I shot this image back in the 1980's for a theater group. The photo shoot was not some afterthought engineered to fit into a couple of minutes after a dress rehearsal or during a rehearsal break. It was scheduled and the "look" of the shoot was well discussed before anything started. The play was set in a Texas town in the 1940s. We all decided that the look that most appealed to us as collaborative group was both a hand colored look and the look of portraits that were lit by tungsten spotlights. A look that was an amalgam of current, contrasty shadows and the kind of wonderful tonality inherent in images of the time.
We selected a film that would emulate the look of film from that time. It was called Ektapan and was ISO 100 or 125 panchromatic black and white. We carefully posed and photographed all six major actors in their costumes, paying attention to the fall of the light under hat brims and chins. Each subject lit from scratch to match the feel of their character.

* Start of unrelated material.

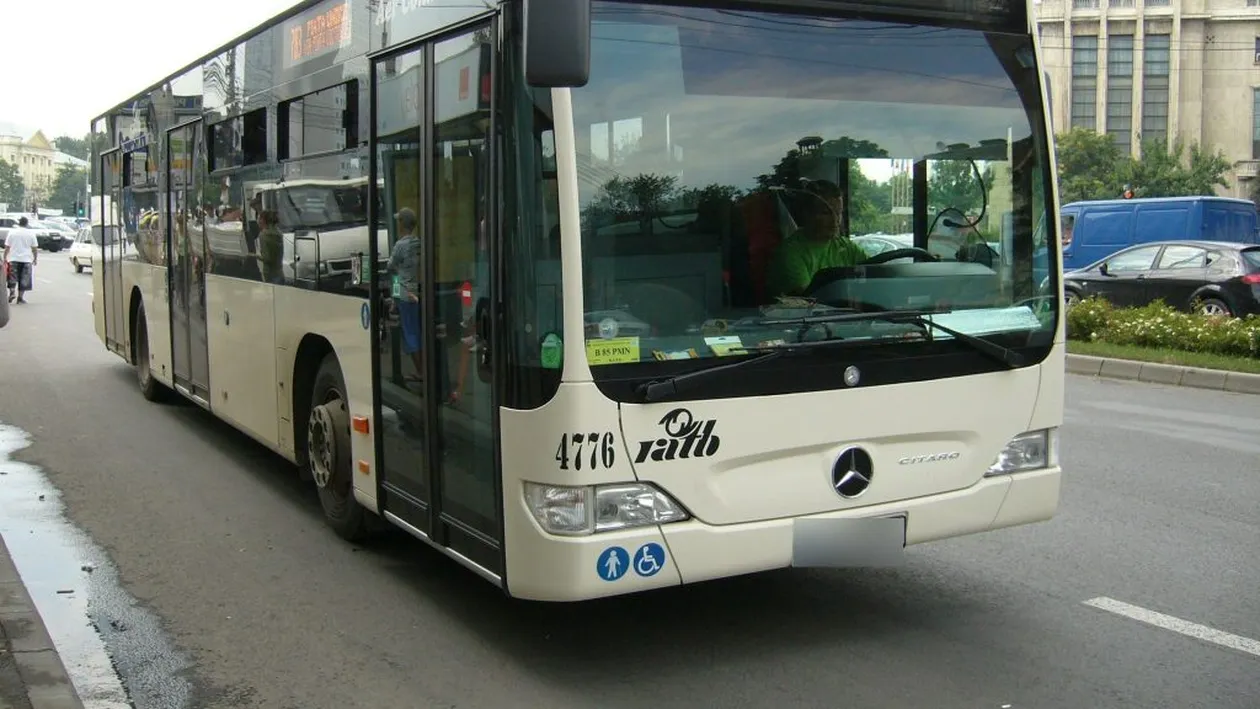 Un autobuz a fost lovit de o mașină, în centrul Capitalei! Traficul în zonă a fost restricționat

Once the shoot was over I took the six rolls of 12 exposure film back to my studio. I'd shot an additional roll of film in a separate A12 Hasselblad film back; one or two frames of each person we photographed. This roll of film was my test roll. I would hand develop it in a single roll tank and evaluate it after the film dried. In this way I'd be able to see if certain frames were too thin (needed more development) or too thick (needed less development) and I could adjust. I ended up custom developing each roll to get exactly the density I thought would print best on one of the two grades of paper I had chosen for the project. The development took the better part of a day!
Once developed and dried I made contact sheets for each roll. One contact sheet for me and one for the marketing people at the theater. I didn't take chances with the people at the theater misreading the edge numbering so I wrote out the numbers with a red China marker. If we talked on the phone I wanted to make sure we were all discussing the same frame....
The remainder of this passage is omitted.